There are integers $a, b,$ and $c,$ each greater than $1,$ such that

\[\sqrt[a]{N\sqrt[b]{N\sqrt[c]{N}}} = \sqrt[36]{N^{25}}\]

for all $N \neq 1$. What is $b$?

$\textbf{(A) } 2 \qquad \textbf{(B) } 3 \qquad \textbf{(C) } 4 \qquad \textbf{(D) } 5 \qquad \textbf{(E) } 6$

Solution

$\sqrt[a]{N\sqrt[b]{N\sqrt[c]{N}}}$ can be simplified to $N^{\frac{1}{a}+\frac{1}{ab}+\frac{1}{abc}}.$

The equation is then $N^{\frac{1}{a}+\frac{1}{ab}+\frac{1}{abc}}=N^{\frac{25}{36}}$ which implies that $\frac{1}{a}+\frac{1}{ab}+\frac{1}{abc}=\frac{25}{36}.$

$a$ has to be $2$ since $\frac{25}{36}>\frac{7}{12}$. $\frac{7}{12}$ is the result when $a, b,$ and $c$ are $3, 2,$ and $2$

$b$ being $3$ will make the fraction $\frac{2}{3}$ which is close to $\frac{25}{36}$.
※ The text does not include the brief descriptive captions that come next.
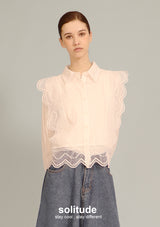 White Lace Trimmed Shirt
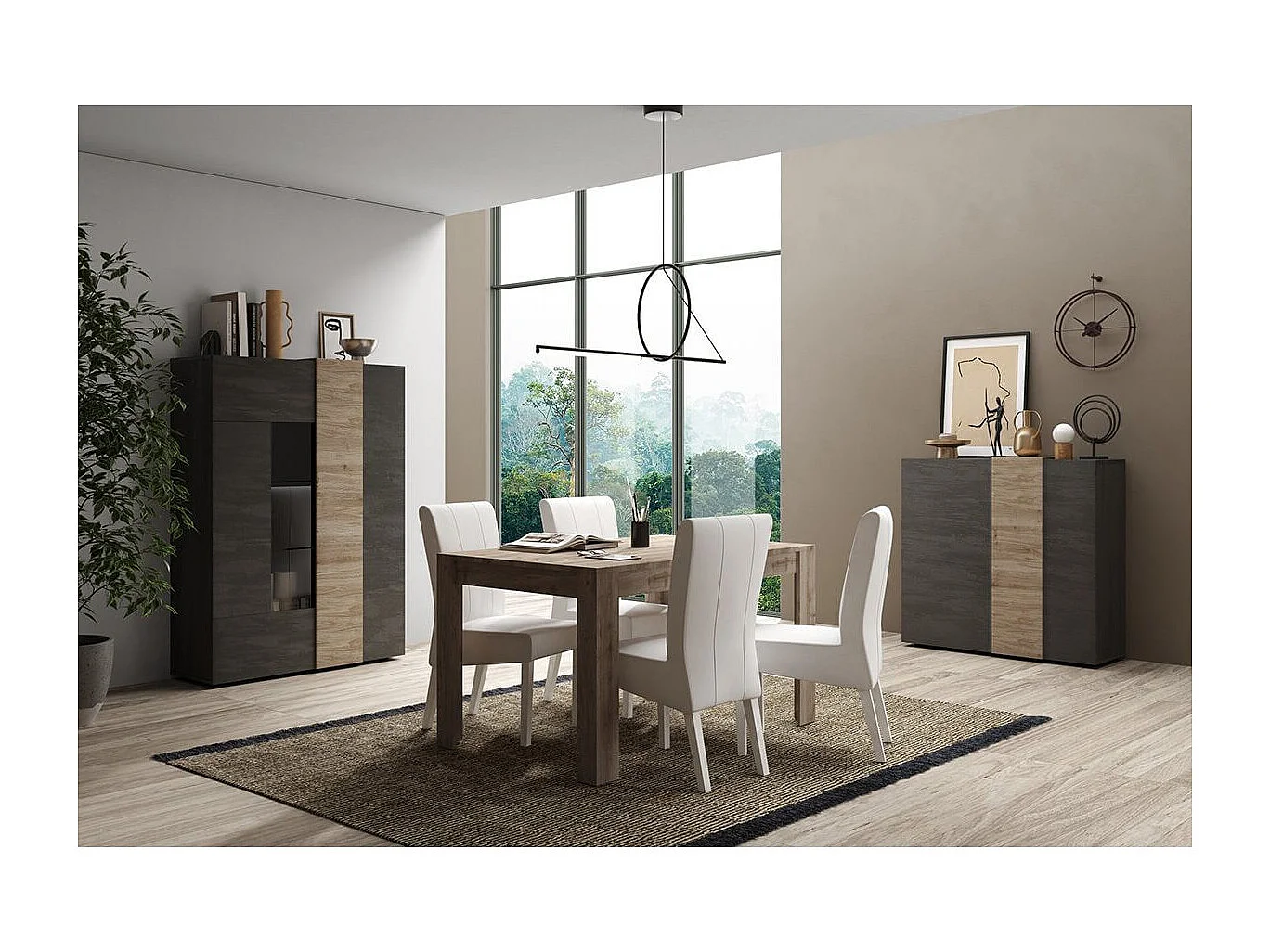 VESUVIO TITANE - Ensemble Séjour Gris Anthracite et Aspect Bois Finition Cadiz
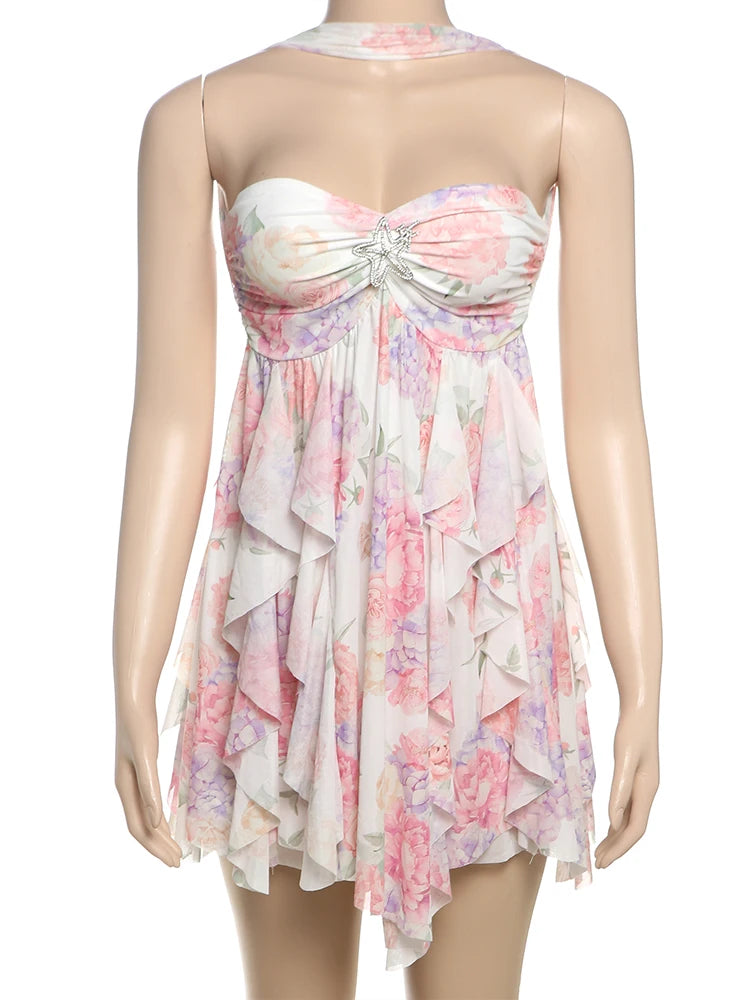 Metal Starfish Dress Women Low-Nec Chest Wrap Halter Irregular Ruffles Hem Backless Sleeveless Vacation Mini Bodycon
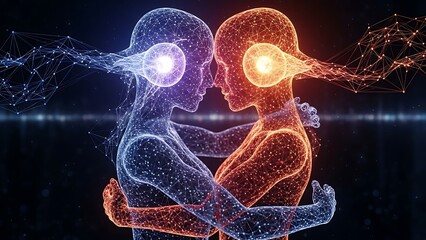 Vibrant digital art of two glowing human figures embracing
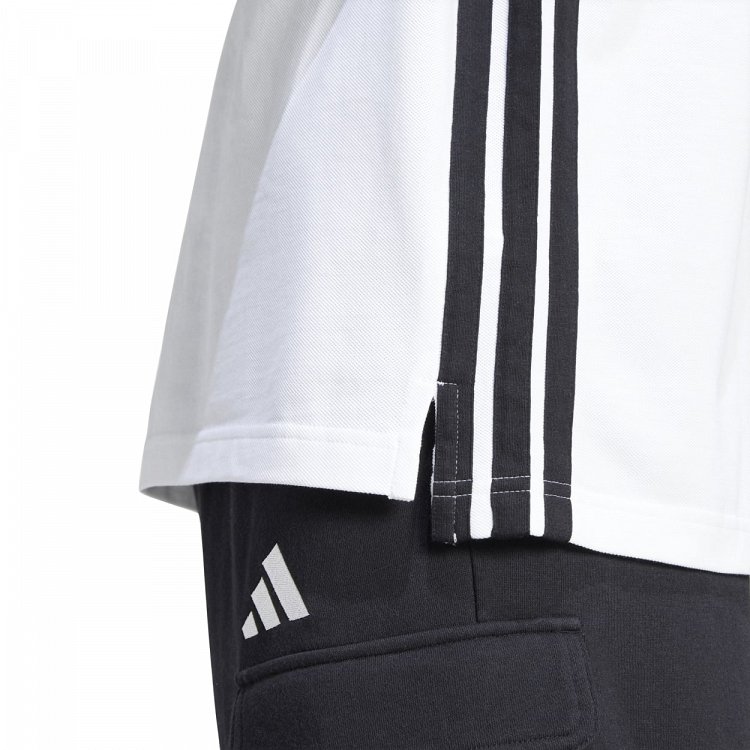 ESSENTIALS THREE STRIPES PIQUE POLO SHIRT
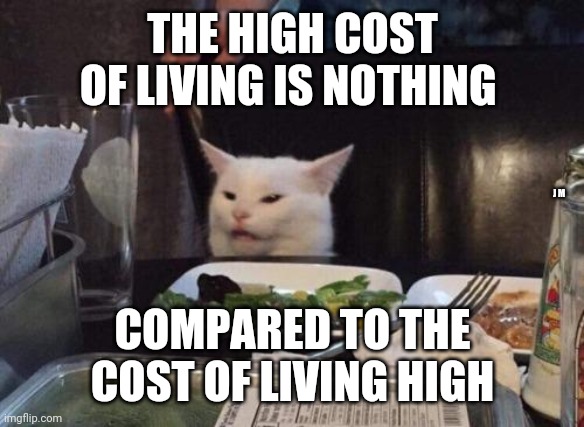 Salad cat | THE HIGH COST OF LIVING IS NOTHING; J M; COMPARED TO THE COST OF LIVING HIGH | image tagged in salad cat | made w/ Imgflip meme maker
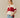 Women's Cotton Linen Sheep Rugby Sweater Red & Cream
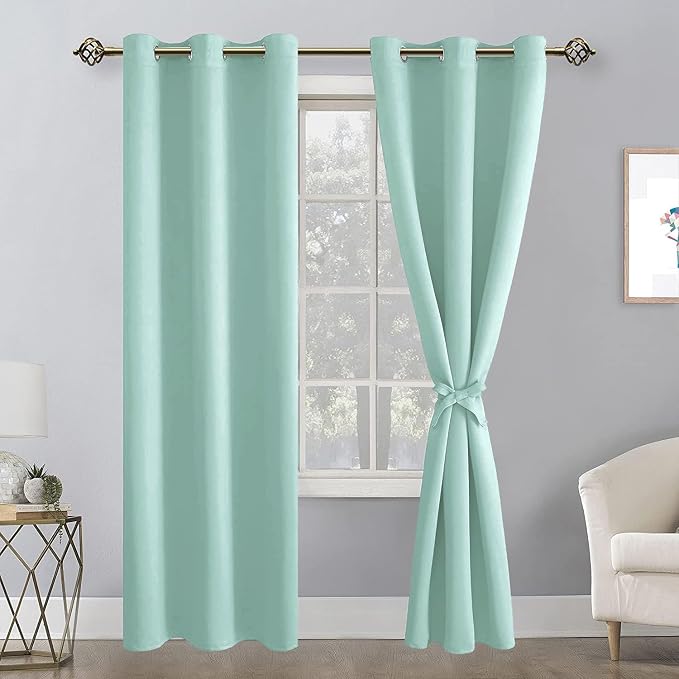 Hiasan Blackout Curtains for Bedroom, 42 x 84 Inches Long - Thermal Insulated & Energy Saving Window Curtains for Living Room, 2 Drape Panels Sewn with Tiebacks, Aqua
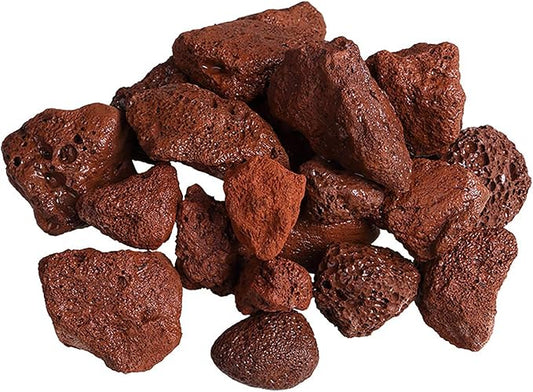 About 30 PackAquarium Red Lava Rock Fish Tank Volcanic Pumice Stones for Shrimp Betta(1''-1.2'')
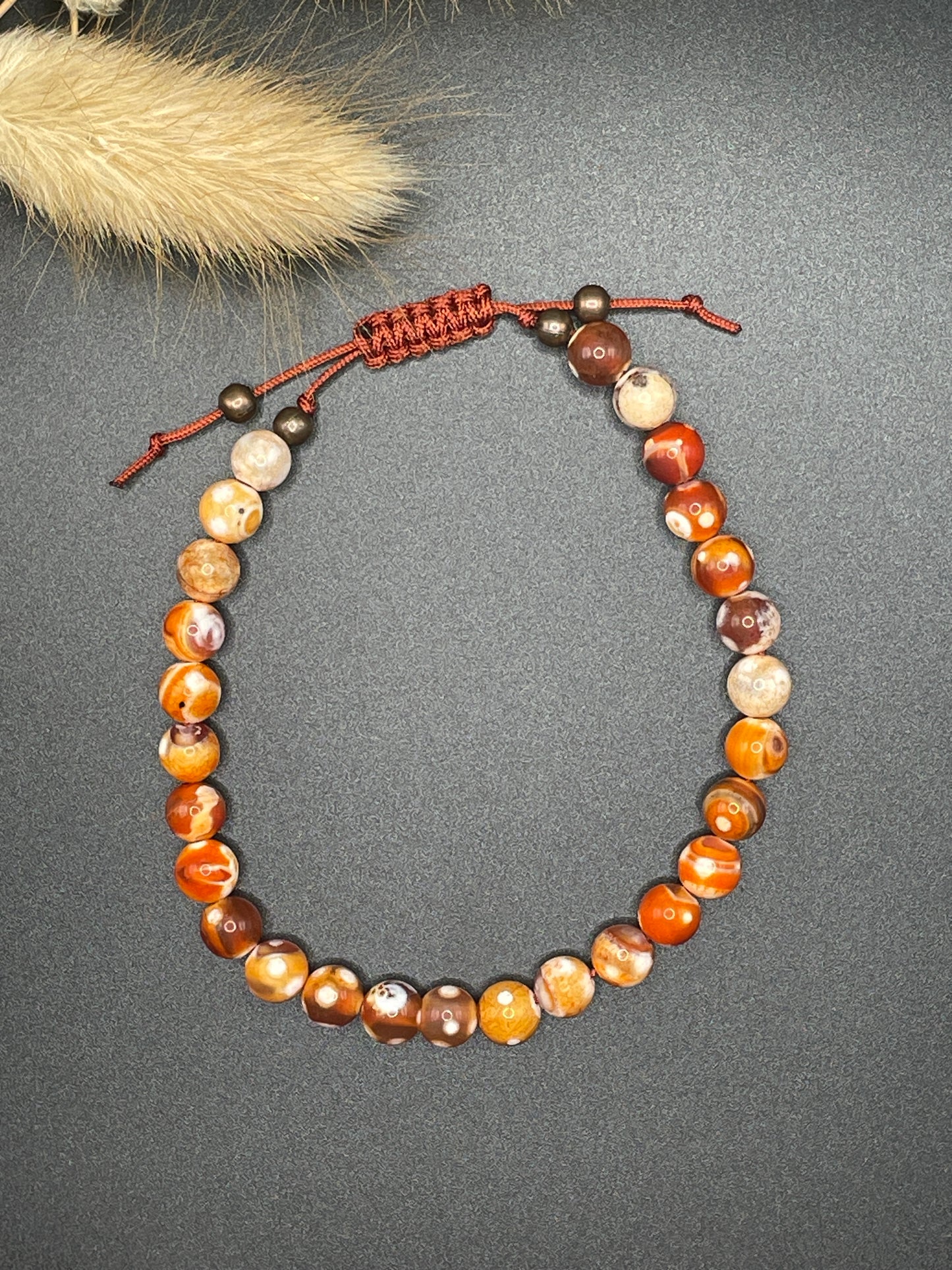 Dotted Red Agate Cord Bracelet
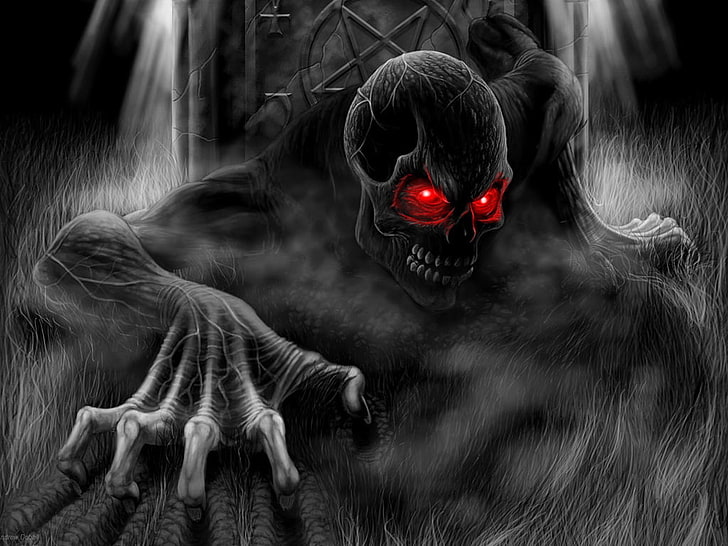 Scary Black Hair, crawling skeleton wallpaper, Other, , red, hair, scary, eyes, HD wallpaper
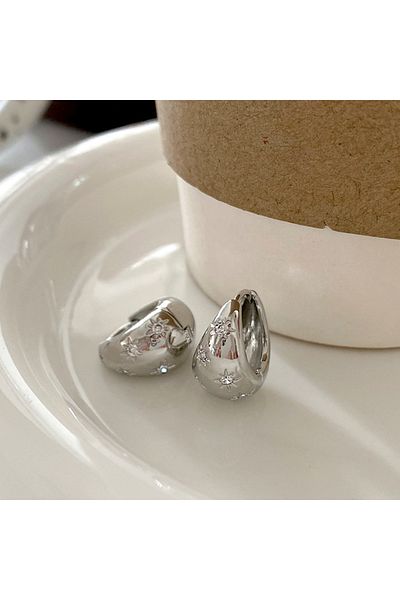 Choice Sliver Color Yupsk Colorful Zircon Rainbow Hoop Earrings For Women Crystal Huggie Charming Female We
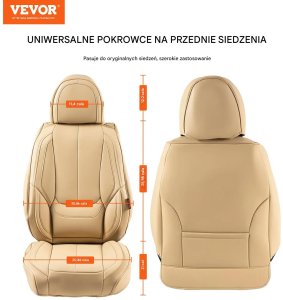 Vevor Pokrowce na siedzenia 6 szt. ekoskóra uniwersalne na przednie fotele beżowe 8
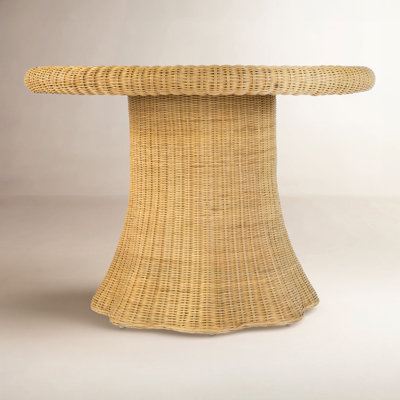 Lacie 42 in. W Round Rattan Dining Table with Glass Top by Birch Lane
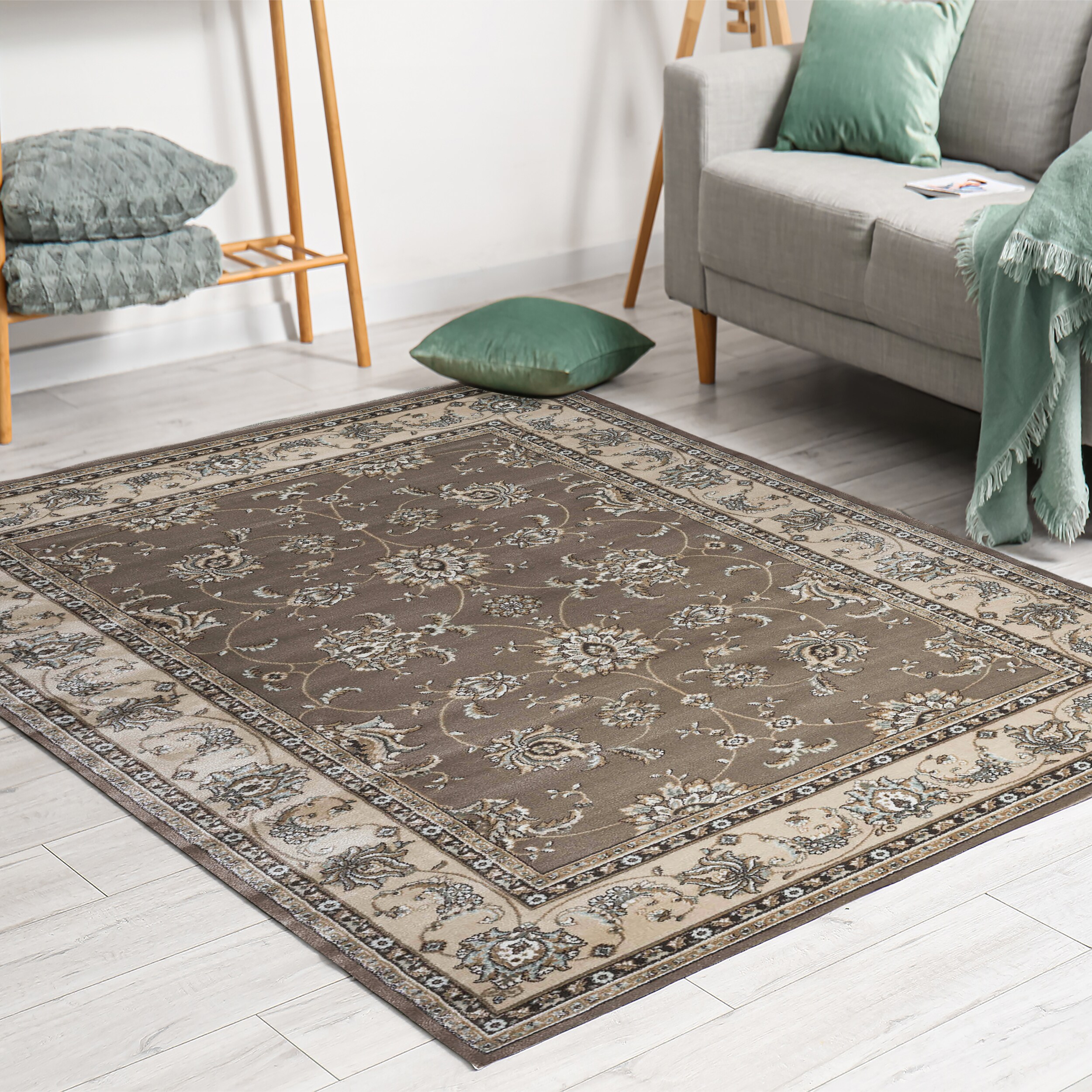 Radici USA 1780/0011/BROWN Pisa 5 x 8 (ft) Polypropylene Brown Rectangular Indoor Floral/Botanical Oriental Area rug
Finally, with $c$ being $6$, the fraction becomes $\frac{25}{36}$. In this case $a, b,$ and $c$ work, which means that $b$ must equal $\boxed{\textbf{(B) } 3.}$~lopkiloinm

Solution 2

As above, notice that you get $\frac{1}{a}+\frac{1}{ab}+\frac{1}{abc}=\frac{25}{36}.$

Now, combine the fractions to get $\frac{bc+c+1}{abc}=\frac{25}{36}$.

WLOG, let $bc+c+1=25$ and $abc=36$.

From the first equation we get $c(b+1)=24$. Note also that from the second equation, $b$ and $c$ must both be factors of 36.

After some trial and error we find that $c=6$ and $b=3$ works, with $a=2$. So our answer is $\boxed{\textbf{(B) } 3.}$

~Silverdragon

Edits by ~Snore

Solution 3

Collapsed, $\sqrt[a]{N\sqrt[b]{N\sqrt[c]{N}}} = \sqrt[abc]{N^{bc+c+1}}$. Comparing this to $\sqrt[36]{N^{25}}$, observe that $bc+c+1=25$ and $abc=36$. The first can be rewritten as $c(b+1)=24$. Then, $b+1$ has to factor into 24 while 1 less than that also must factor into 36. The prime factorizations are as follows $36=2^2 3^2$ and $24=2^33$. Then, $b=\boxed{\textbf{B)}3}$, as only 4 and 3 factor into 36 and 24 while being 1 apart.

~~BJHHar

See Also

2020 AMC 12A (ProblemsAnswer KeyResources)
Preceded by
Problem 12 		Followed by
Problem 14
1 2 3 4 5 6 7 8 9 10 11 12 13 14 15 16 17 18 19 20 21 22 23 24 25
All AMC 12 Problems and Solutions

These problems are copyrighted © by the Mathematical Association of America.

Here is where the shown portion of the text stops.